(Short web captions)

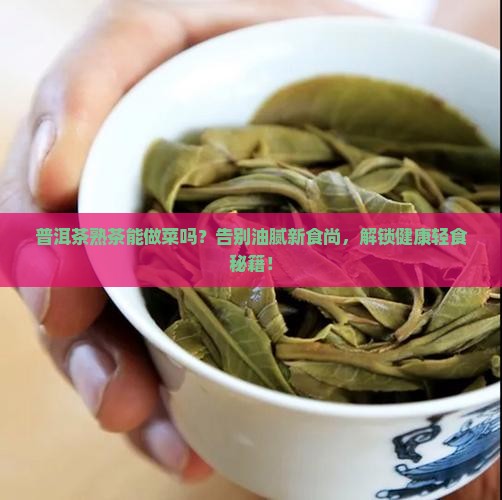 普洱茶熟茶能做菜吗
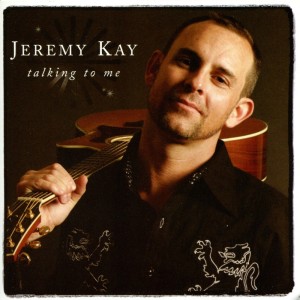 收聽Jeremy Kay的Talking To me歌詞歌曲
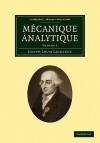 Mécanique Analytique (Cambridge Library Collection Mathematics) (Volume 2) - Joseph-Louis Lagrange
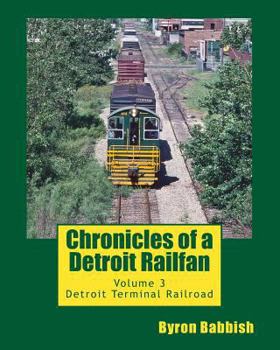 Paperback Chronicles of a Detroit Railfan: Volume 3, Detroit Terminal Railroad Book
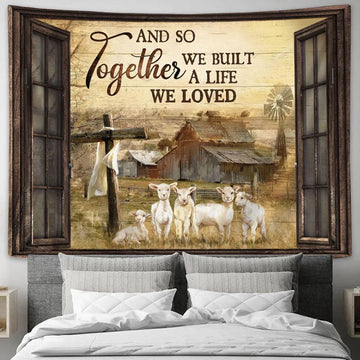 Sheeps And So Together We Built A Life We Loved Large Tapestry - Christian Tapestry Prints - Religious Tapestry Art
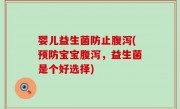 婴儿益生菌防止腹泻(预防宝宝腹泻，益生菌是个好选择)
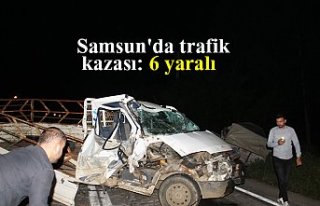 Samsun'da trafik kazası: 6 yaralı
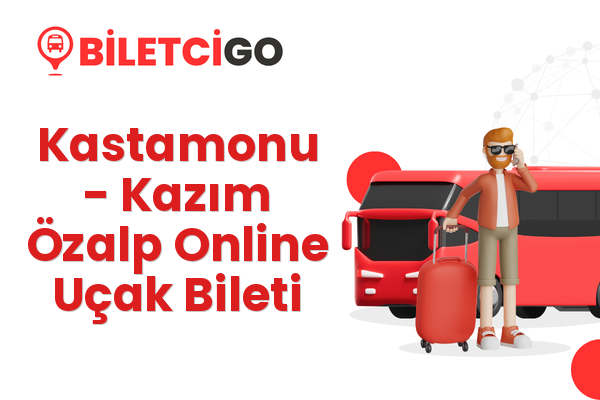 Kastamonu → Kazım Özalp Online Uçak Bileti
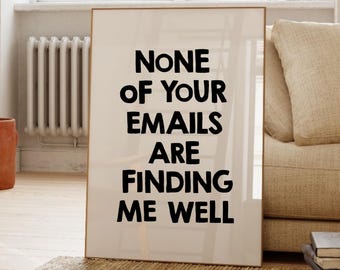Funny Office Art Print: None of Your Emails Are Finding Me (Digital Download)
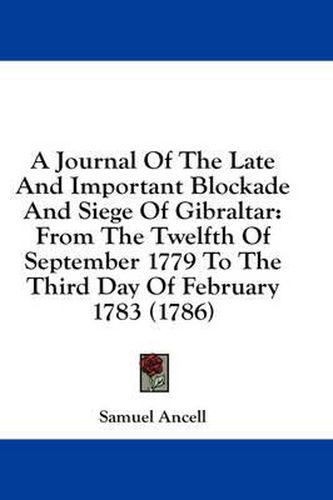 Cover image for A Journal of the Late and Important Blockade and Siege of Gibraltar: From the Twelfth of September 1779 to the Third Day of February 1783 (1786)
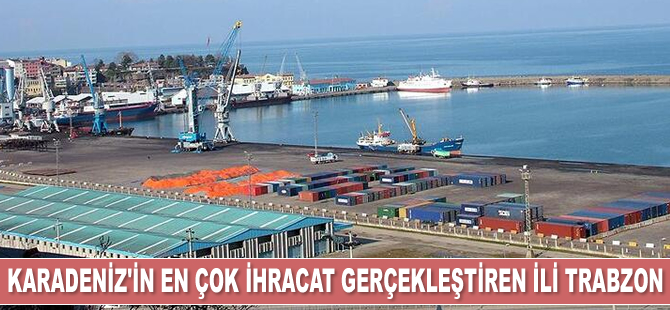 Karadeniz Bölgesi'nin en çok ihracat gerçekleştiren ili Trabzon oldu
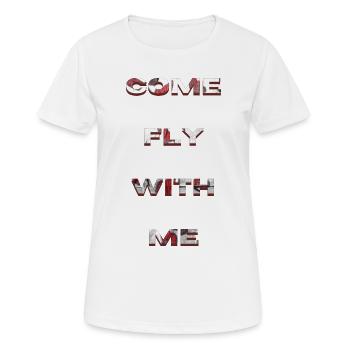 Come Fly With Me - T-shirt respirant Femme - blanc - Devant - AI Model Female 172 dark (172cm)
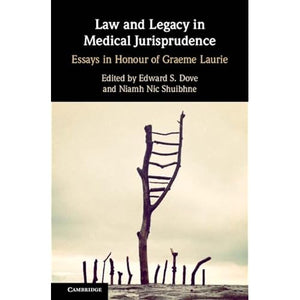 Law and Legacy in Medical Jurisprudence: Essays in Honour of Graeme Laurie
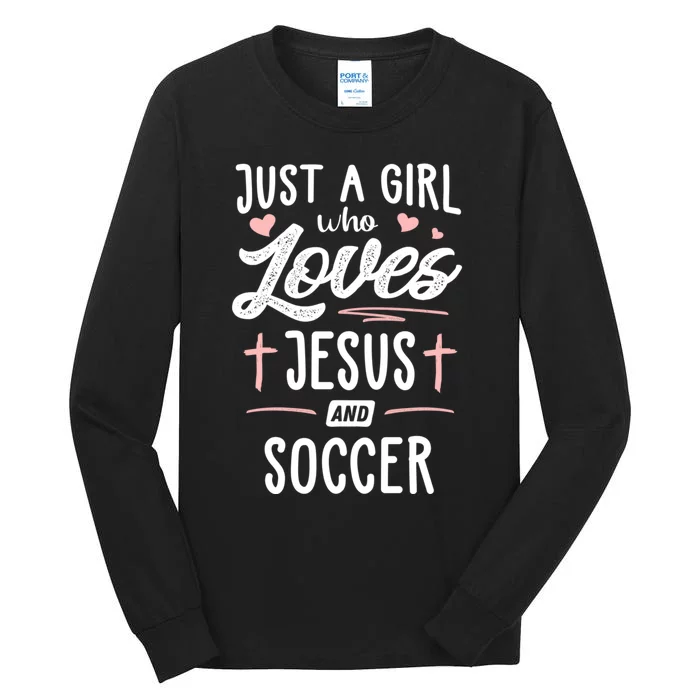 Who Loves Jesus And Soccer Gift Tall Long Sleeve T-Shirt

Aim of the task: Could you set down, exactly as written, every line from the one with "Come Fly With" to the end of the data, both ends included? Leave out the pictures.

Task solution:
 Come Fly With Me - T-shirt respirant Femme - blanc - Devant - AI Model Female 172 dark (172cm)
 Law and Legacy in Medical Jurisprudence: Essays in Honour of Graeme Laurie
 Who Loves Jesus And Soccer Gift Tall Long Sleeve T-Shirt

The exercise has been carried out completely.